Quentin Dodd is a Wabash College network administrator by day but novelist in his free time. His off-beat books Beatnit Rutabas From Beyond the Stars and The Princess of Neptune gained him recognition in the field of juvenile fiction.

His latest work “Zorg and Andy,” has been made into a film which was partially filmed on the Wabash College campus. The movie even features a few familiar Wabash faces.

Dodd’s big moment arrives Saturday in Shelbyville, Indiana, when the movie will make its world premiere. “Zorg and Andy” is just one film on the list on Tromadance Indiana which runs Friday through Sunday in Shelbyville’s historic Strand Theatre.

Admission is free and no fees were charged to the filmmakers to participate in the festival.

“Zorg and Andy” will screen at 12:36 p.m. Saturday. The theatre is at 215 South Harrison St., Shelbyville.

“This was the first movie I've worked on in a production capacity, and it was surprising to see how much the story changes as it goes from words on paper to an actual film.” Dodd said. ”Everybody — the actors, the editor, the guy who made the props — puts their interpretation into it and we end up with something that we didn't quite expect. I mean that in a good way, though. It's the unpredictability that makes it exciting. And terrifying. But mostly exciting.”

The movie has a definite Wabash flavor with Trevor Fanning '00, Marco Noyola '96, and Nick
Kraynak in the cast. (Noyola was also the production designer.)

Guy Davis, the director, is a former Wabash employee. There were a number of Wabash students and employees as "background artists," too, including  Application Developer Mark Siegel and English Professor Tom Campbell as loincloth-wearing cultists!

“I'm very proud of the post-production work,” Dodd said. “Guy Davis, the director, spent a lot of time working on sound, color, and editing in post-production, and he did a great job. They're the kind of things that no one notices if they're done right, but they can cause a lot of problems if you don't take care of them. I'm still traumatized about losing some of our best jokes in the editing room, but that's the way it goes. A merciless editor is a movie's best friend.”

The film was shot, in part, at Wabash during Spring of 2006. Now that the film is about to be screened, Dodd is feeling the anticipation.

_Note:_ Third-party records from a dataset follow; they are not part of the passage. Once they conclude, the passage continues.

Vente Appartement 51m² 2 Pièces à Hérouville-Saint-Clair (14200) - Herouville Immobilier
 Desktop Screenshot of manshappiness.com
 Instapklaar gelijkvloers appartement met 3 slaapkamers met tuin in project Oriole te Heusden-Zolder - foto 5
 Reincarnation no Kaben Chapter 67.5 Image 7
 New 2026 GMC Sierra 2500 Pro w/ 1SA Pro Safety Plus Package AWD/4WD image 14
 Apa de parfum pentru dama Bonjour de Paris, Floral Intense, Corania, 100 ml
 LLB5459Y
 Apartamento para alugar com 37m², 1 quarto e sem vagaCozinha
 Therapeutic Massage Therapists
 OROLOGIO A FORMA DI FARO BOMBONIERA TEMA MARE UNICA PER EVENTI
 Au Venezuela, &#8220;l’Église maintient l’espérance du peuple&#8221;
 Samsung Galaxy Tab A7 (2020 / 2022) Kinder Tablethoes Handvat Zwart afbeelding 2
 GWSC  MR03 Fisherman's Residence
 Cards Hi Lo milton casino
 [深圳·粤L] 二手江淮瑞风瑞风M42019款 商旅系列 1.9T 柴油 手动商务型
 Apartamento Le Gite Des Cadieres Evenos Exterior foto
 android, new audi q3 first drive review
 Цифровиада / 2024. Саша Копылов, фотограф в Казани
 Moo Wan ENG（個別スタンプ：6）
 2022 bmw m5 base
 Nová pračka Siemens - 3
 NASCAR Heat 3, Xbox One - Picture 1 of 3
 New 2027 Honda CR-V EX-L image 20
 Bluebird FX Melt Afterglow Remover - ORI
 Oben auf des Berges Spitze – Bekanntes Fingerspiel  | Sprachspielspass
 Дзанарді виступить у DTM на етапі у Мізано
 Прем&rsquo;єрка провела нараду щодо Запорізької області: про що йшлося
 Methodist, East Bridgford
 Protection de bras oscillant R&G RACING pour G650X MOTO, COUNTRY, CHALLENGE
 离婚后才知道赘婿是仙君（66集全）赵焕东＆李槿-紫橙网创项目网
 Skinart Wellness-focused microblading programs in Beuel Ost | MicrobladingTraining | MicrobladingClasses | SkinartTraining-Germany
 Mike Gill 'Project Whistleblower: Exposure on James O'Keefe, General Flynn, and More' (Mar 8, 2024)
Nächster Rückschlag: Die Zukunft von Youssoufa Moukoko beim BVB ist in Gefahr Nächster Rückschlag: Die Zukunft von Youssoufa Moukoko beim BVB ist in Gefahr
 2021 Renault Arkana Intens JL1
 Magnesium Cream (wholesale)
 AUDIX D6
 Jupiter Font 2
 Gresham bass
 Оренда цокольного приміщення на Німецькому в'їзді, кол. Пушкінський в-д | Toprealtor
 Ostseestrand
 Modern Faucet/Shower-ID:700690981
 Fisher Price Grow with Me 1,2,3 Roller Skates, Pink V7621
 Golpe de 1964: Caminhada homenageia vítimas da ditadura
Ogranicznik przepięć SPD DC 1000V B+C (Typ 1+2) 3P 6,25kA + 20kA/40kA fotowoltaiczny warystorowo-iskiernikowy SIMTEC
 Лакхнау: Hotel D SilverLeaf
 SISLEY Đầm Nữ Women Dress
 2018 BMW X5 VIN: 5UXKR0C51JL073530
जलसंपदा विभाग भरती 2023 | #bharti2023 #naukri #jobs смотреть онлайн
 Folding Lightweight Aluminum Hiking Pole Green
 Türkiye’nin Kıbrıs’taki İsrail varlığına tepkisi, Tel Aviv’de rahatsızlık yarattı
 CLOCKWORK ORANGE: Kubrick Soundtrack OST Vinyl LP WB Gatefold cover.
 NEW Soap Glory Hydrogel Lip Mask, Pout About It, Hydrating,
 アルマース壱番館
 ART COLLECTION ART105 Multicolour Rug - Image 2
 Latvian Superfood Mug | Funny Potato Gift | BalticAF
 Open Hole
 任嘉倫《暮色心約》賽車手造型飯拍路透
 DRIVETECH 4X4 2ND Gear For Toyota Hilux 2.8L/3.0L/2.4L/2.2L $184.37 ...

“I'll probably be a nervous wreck during the actual screening,” he admitted. “There's a good chance I'll spend most of the time looking around and thinking things like, ‘Is anybody laughing? Are they laughing in the right places? Are they laughing enough?’"

And if you can’t make it to Shelbyville Saturday afternoon, Dodd will have DVD copies for sale.

“We just got our first batch of DVDs from the DVD factory, so they should be available soon, both through the website and from the trunk of my car.”